Já não se criam mais homens de barro, apesar de continuarmos nos esfarelando. É aceito que hoje somos compostos por água e ansiedade. De barro só os tijolos, com que se ergueram os muros de nossas casas e prisões. A ansiedade só cresce.

Na primeira vez em que fui visitar o Jaime na clínica ficamos em silêncio por quase uma hora, quinze anos de amizade nos poupam de certos diálogos dispendiosos. No momento de ir embora ouvi com clareza o que seus olhos me diziam, não podia abandoná-lo, e não o fiz. Na semana seguinte houve a necessidade de falar, de abraçar, de chorar; é difícil permanecer impassível quando seu colega de quarto é internado após tentar serrar os pulsos com um serrote, dessa vez era isso que seus olhos e braços me diziam.
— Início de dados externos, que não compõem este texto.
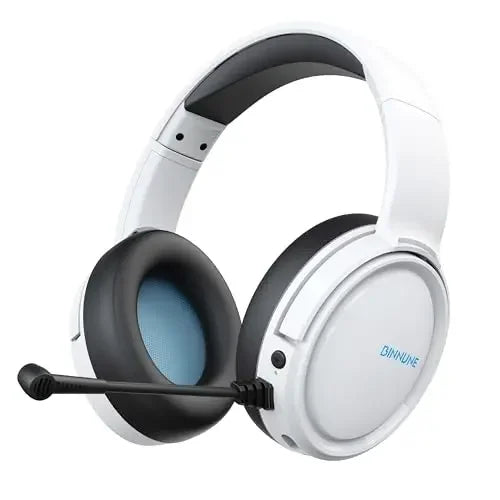 BINNUNE Wireless Gaming Headset with Mic Lightweight Over-Ear Gaming Headphones Low Latency Bluetooth Noise Cancelling Mic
Os suicidas estão à procura de sua própria justiça, na qual a morte é a sentença final. O Jaime não era um suicida, ao menos não nos moldes convencionais, já que tomar uma garrafa de destilado por dia vinha se mostrando uma técnica efetiva para findar com sua vida. Seus sorrisos tornaram-se raros, pequenas ilhas de alívio no caos murado da instituição; os espaços cada vez menores, a alma tumultuada, a mente entulhada. Não sei o que tive mais medo de ver, se um surto ou a depressão profunda, um conforto mórbido me tomava ao vê-lo flutuar entre ambas hipóteses. Foi na décima terceira semana que decidimos que algo precisava ser feito.

Nunca concordei com essa internação, entendo-a, não é fácil para família alguma ter alguém fora de controle, mas não posso compactuar com isso. Lá fora o Jaime era a materialização da beleza na desordem, um furacão que arrasa um campo de rosas para se encher de cor, aqui ele não passa de um sopro, incapaz de espalhar as pétalas de um dente de leão. Onde esse ímpeto se perdeu? Na abstenção do álcool ou da vontade própria? Troquei minhas mágoas pela vergonha depois de descobrir o motivo de não ter sido ouvido em algumas visitas; certo dia trocaram o Jaime de quarto, sem consentimento algum ele foi amarrado em sua cama e transferido para outro cômodo, frio e com janelas menores. A crise de identidade se apossou dele, não se sentia mais um homem, era agora objeto. Não tinha mais nome, por isso não atendia quando o chamavam, tornou-se coisa, dessas que trocamos de lugar por mero paisagismo e descartamos quando causam problemas. Definitivamente, não existe amor sem empatia.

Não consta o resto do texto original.